By Mehr Tarar
23 November 2013
Mixed emotions stirred here in Pakistan when Malala Yousafzai came within kissing distance of the Nobel Prize. The reaction was reminiscent of how we felt when Sharmeen Chinoy’s Saving Face was up for an Oscar: great to be noticed by the world, but how tragic that the path to such recognition was paved with acid burnt faces.

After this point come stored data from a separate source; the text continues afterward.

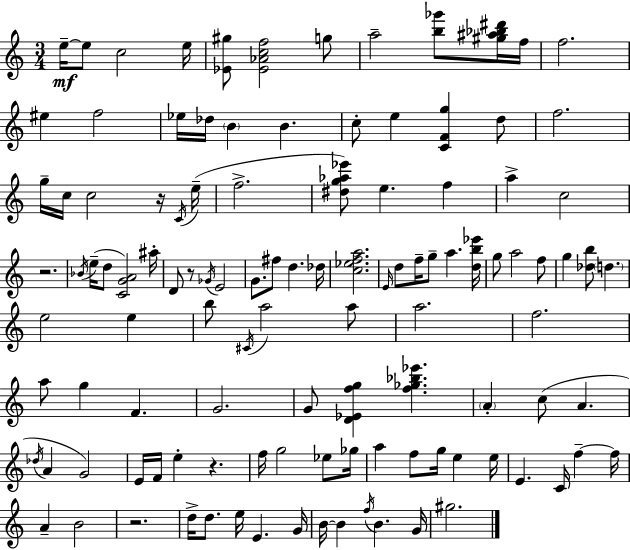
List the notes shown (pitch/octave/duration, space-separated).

E5/s E5/e C5/h E5/s [Eb4,G#5]/e [Eb4,Ab4,C5,F5]/h G5/e A5/h [B5,Gb6]/e [G#5,A#5,Bb5,D#6]/s F5/s F5/h. EIS5/q F5/h Eb5/s Db5/s B4/q B4/q. C5/e E5/q [C4,F4,G5]/q D5/e F5/h. G5/s C5/s C5/h R/s C4/s E5/s F5/h. [D#5,G5,Ab5,Eb6]/e E5/q. F5/q A5/q C5/h R/h. Bb4/s E5/s D5/e [C4,G4,A4]/h A#5/s D4/e R/e Gb4/s E4/h G4/e. F#5/e D5/q. Db5/s [C5,Eb5,F5,A5]/h. E4/s D5/e F5/s G5/e A5/q. [D5,B5,Eb6]/s G5/e A5/h F5/e G5/q [Db5,B5]/e D5/q. E5/h E5/q B5/e C#4/s A5/h A5/e A5/h. F5/h. A5/e G5/q F4/q. G4/h. G4/e [D4,Eb4,F5,G5]/q [F5,Gb5,Bb5,Eb6]/q. A4/q C5/e A4/q. Db5/s A4/q G4/h E4/s F4/s E5/q R/q. F5/s G5/h Eb5/e Gb5/s A5/q F5/e G5/s E5/q E5/s E4/q. C4/s F5/q F5/s A4/q B4/h R/h. D5/s D5/e. E5/s E4/q. G4/s B4/s B4/q F5/s B4/q. G4/s G#5/h. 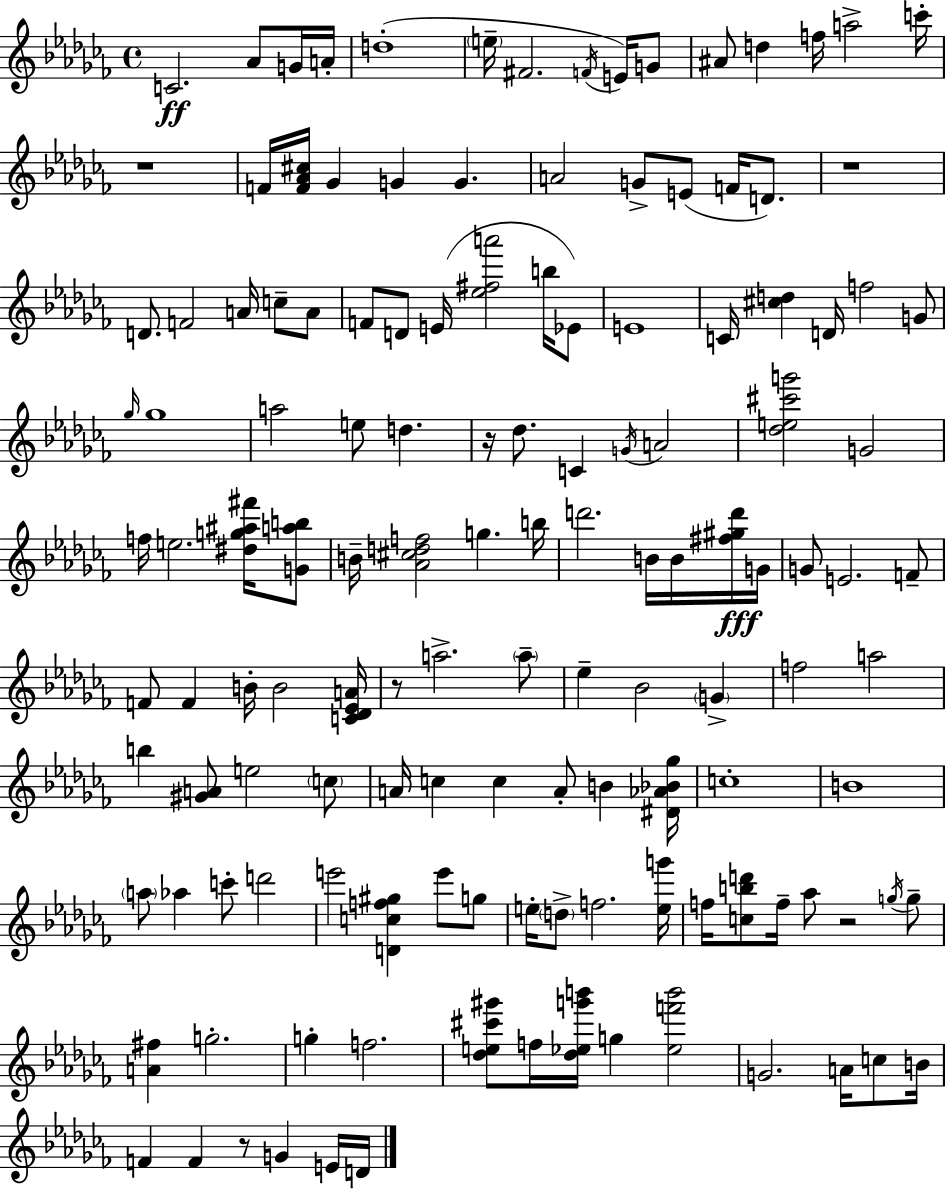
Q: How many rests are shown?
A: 6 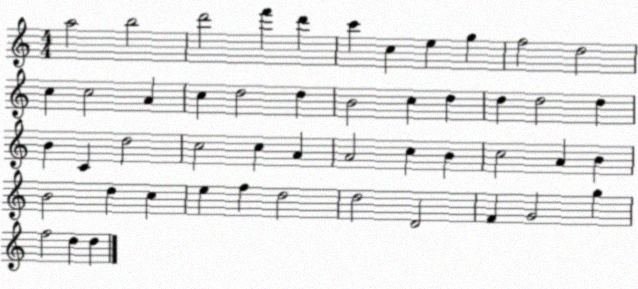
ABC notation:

X:1
T:Untitled
M:4/4
L:1/4
K:C
a2 b2 d'2 f' d' c' c e g f2 d2 c c2 A c d2 d B2 c d d d2 d B C d2 c2 c A A2 c B c2 A B B2 d c e f d2 d2 D2 F G2 g f2 d d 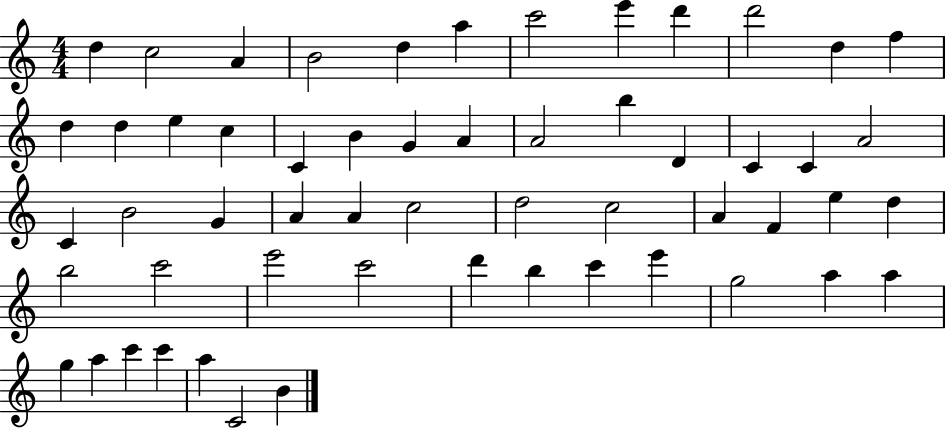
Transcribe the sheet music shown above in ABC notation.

X:1
T:Untitled
M:4/4
L:1/4
K:C
d c2 A B2 d a c'2 e' d' d'2 d f d d e c C B G A A2 b D C C A2 C B2 G A A c2 d2 c2 A F e d b2 c'2 e'2 c'2 d' b c' e' g2 a a g a c' c' a C2 B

The deplorable act of attacking Malala increased the aversion felt for the Taliban among ordinary Pakistanis. But terrorists do not feed on public support; their demented ideology is sustenance enough. Pakistanis wept when Malala was battling for her life, and heaved a sigh of relief when she survived. We are proud that she has thrived. As for her moving to England, it affirms our view that the West has an equal penchant for inflicting and preventing pain. And as for the ban on her book, it is the manifestation of the oriental tendency to brush unpleasantness under the Persian carpet; we don’t fancy the confessional culture of the West, thank you very much.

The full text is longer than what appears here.